--- DATA EXTRACT Enclosed Below ---

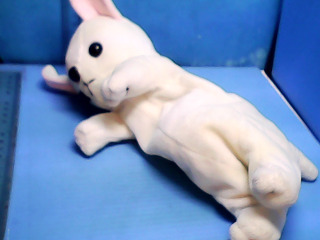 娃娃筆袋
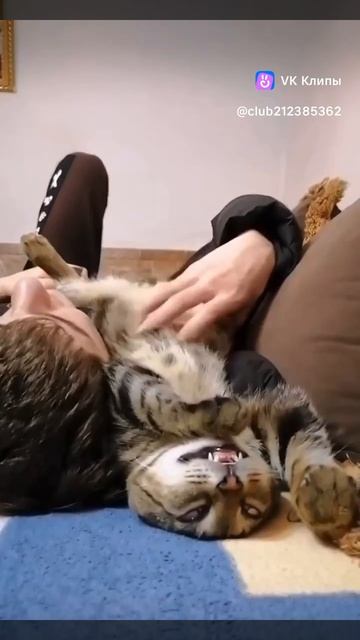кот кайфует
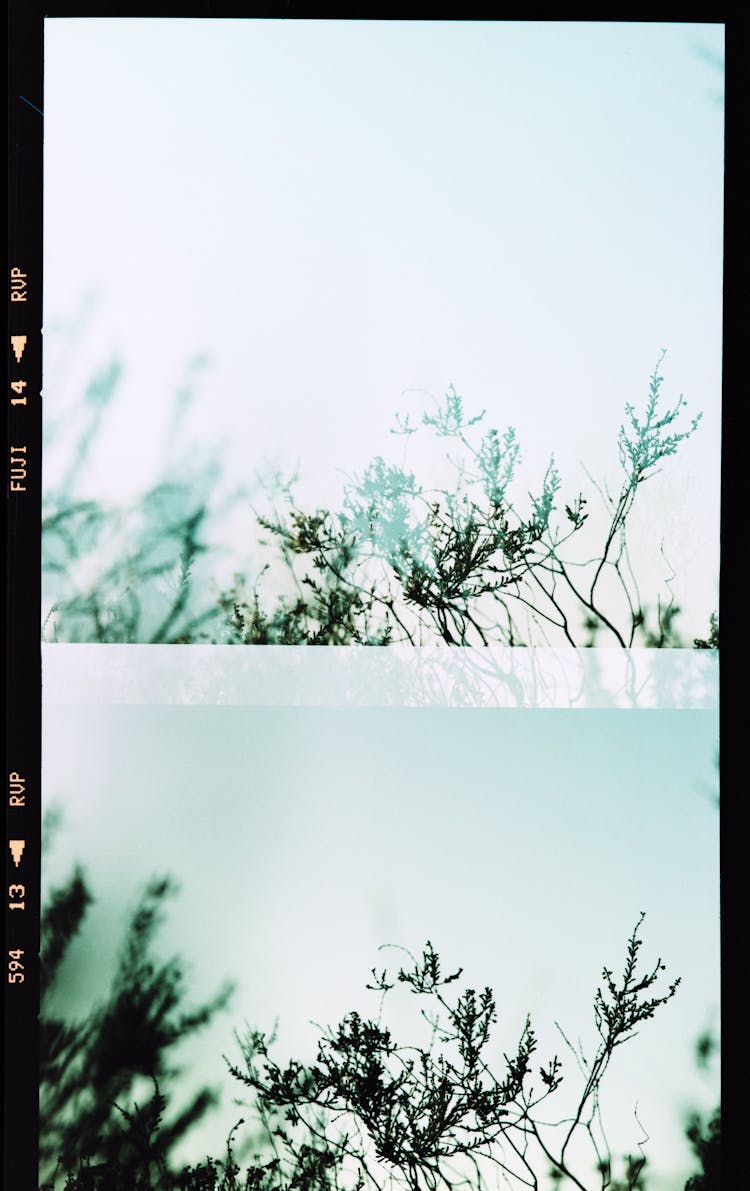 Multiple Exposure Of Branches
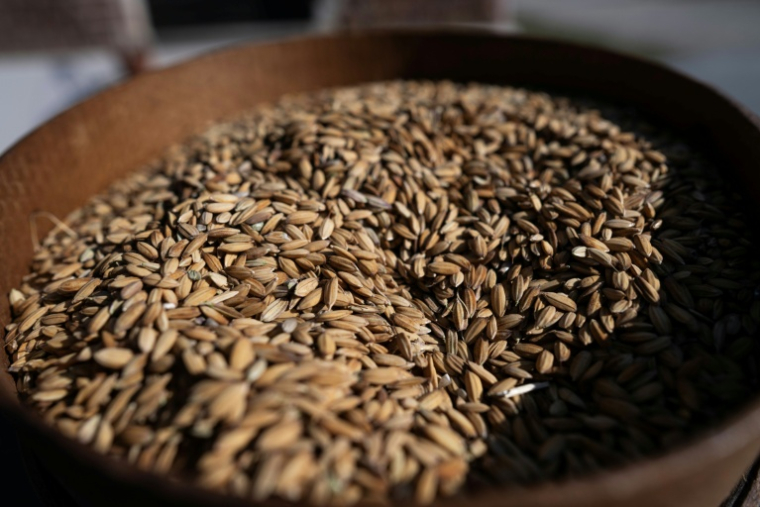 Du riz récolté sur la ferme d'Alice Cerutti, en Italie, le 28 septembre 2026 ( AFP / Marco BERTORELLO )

--- End of Enclosed DATA EXTRACT ---

**BRIEF**
Reproduce the material word for word. Any pictures should be left out of the copy.

**RESPONSE TO THE TASK**
 娃娃筆袋
кот кайфует
 Multiple Exposure Of Branches
 Du riz récolté sur la ferme d'Alice Cerutti, en Italie, le 28 septembre 2026 ( AFP / Marco BERTORELLO )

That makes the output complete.